Il direttore del quotidiano La Stampa Massimo Giannini ricorda che il giornale tedesco  Suddeutsche Zeitung scrive : “Se l’elezione dovesse andare per le lunghe, l’Italia rischierebbe di perdere la credibilità internazionale appena riconquistata, e tornare ai tempi dei vecchi luoghi comuni, quando sidiceva «è sempre la solita Italia». Un triste spettacolo”. 

“Non vogliamo prendere lezioni da nessuno – sottolinea Giannini- Neanche dai tedeschi, visto che solo due mesi fa l’allora cancelliera Angela Merkel diceva “invidio l’Italia per come sta affrontando il virus”. E un mese fa l’Economist ci premiava come “La nazione dell’anno”. Ma di fronte al “triste spettacolo” di queste ore, come si può dare torto a chi dentro o aldilà dei confini teme l’avvitarsi della stessa crisi di sistema che aveva portato alla discesa in campo di Draghi, e che adesso rischia di bloccare il passaggio istituzionale più delicato e magari di trascinare nel baratro anche l’esecutivo? Per queste ragioni, auspicando uno sviluppo ordinato del confronto politico e un accordo trasversale su una “figura di alto profilo” di cui si riempiono inutilmente la bocca i segretari dei partiti , il nostro giornale aveva assunto una linea chiara fin dall’inizio: in un Paese normale un presidente del Consiglio che governa bene e ha riportato la nazione agli onori del mondo continua a farlo, mentre i partiti trovano un Capo dello Stato all’altezza, tra le migliori risorse o riserve della Repubblica. Se invece questa convergenza risulta impossibile, allora si condivida l’idea di portare lo stesso Draghi sul Colle. Perché tutto si può permettere l’Italia di oggi, meno che di lasciare in panchina l’uomo che le sta ridando credibilità e fiducia, dopo averla rappresentata ai più alti livelli alla Banca d’Italiae alla Bce”.

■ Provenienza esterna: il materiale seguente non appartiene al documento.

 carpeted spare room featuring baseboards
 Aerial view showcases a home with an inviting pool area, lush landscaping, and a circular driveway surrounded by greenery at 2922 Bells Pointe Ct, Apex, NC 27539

Meglio Draghi al Quirinale

“Per Draghi meglio sette anni al Quirinale, come garante della Costituzione e della fedeltà atlantica ed europeista, piuttosto che un altro anno al governo in balia di una maggioranza già in campagna elettorale in vista del voto del 2023. Dopo quello che sta succedendo, e salvo clamorose ma improbabili riaperture su Mattarella, restiamo convinti che questa rimanga la via maestra. Certo, ci si arriva nel modo peggiore”.